Partnering for the people: how to achieve success in a smart-enabled world

Utilities have to get smarter. They have to get smarter about the way they buy and sell power, because they cannot rely on a simple, centralised model with the costs of matching supply and demand largely shared across the industry. They have to get smarter in their customer relationships. Not only because the old model of selling by volume started to fall apart more than a decade ago, when UK domestic energy demand started falling and new suppliers started to enter the market, but also because it is customers who will largely supply the flexibility that will enable utilities to compete in future.

Demand-side response will allow utilities to be flexible market participants, shifting their demand out of peak, reacting to changing conditions, and offering grid services. It will allow utilities to offer new products and services to customers, with shared payback for reducing demand and reacting to grid conditions.

This is not an optional extra for utilities. It is a key requirement in the smart grid, to manage utilities’ own costs and to offer new products.

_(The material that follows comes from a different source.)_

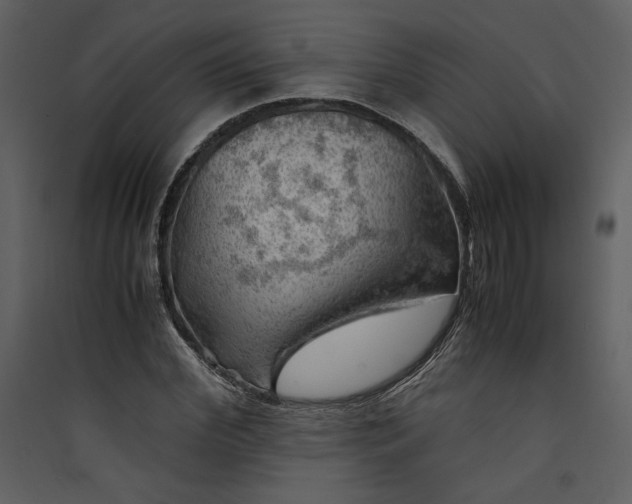 X0000089920972200707131407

The utility environment is evolving and companies have to be progressive, high-tech and able to react fast to make the change. That is a big ask for utilities, whose skills and culture traditionally lie in consistency and constancy, providing relatively simple products to the mass market. That is why utilities have been partnering with nimble high-tech start-ups. The new critical technologies are different from the old ones – they offer a platform to manage demand.

Where utilities and new technology companies intersect is in aggregating response from customers and harnessing mass-market energy technologies like rooftop PV or storage. One single in-home PV array combined with a battery offers flexibility for one user. But a fleet of domestic batteries, in concert with solar, offers major benefits for the whole system.

Those benefits might include managing the effects of solar self-consumption on the network, storing excess local generation, reducing curtailment costs, shifting energy supply or demand into or out of the evening peak, or maintaining frequency.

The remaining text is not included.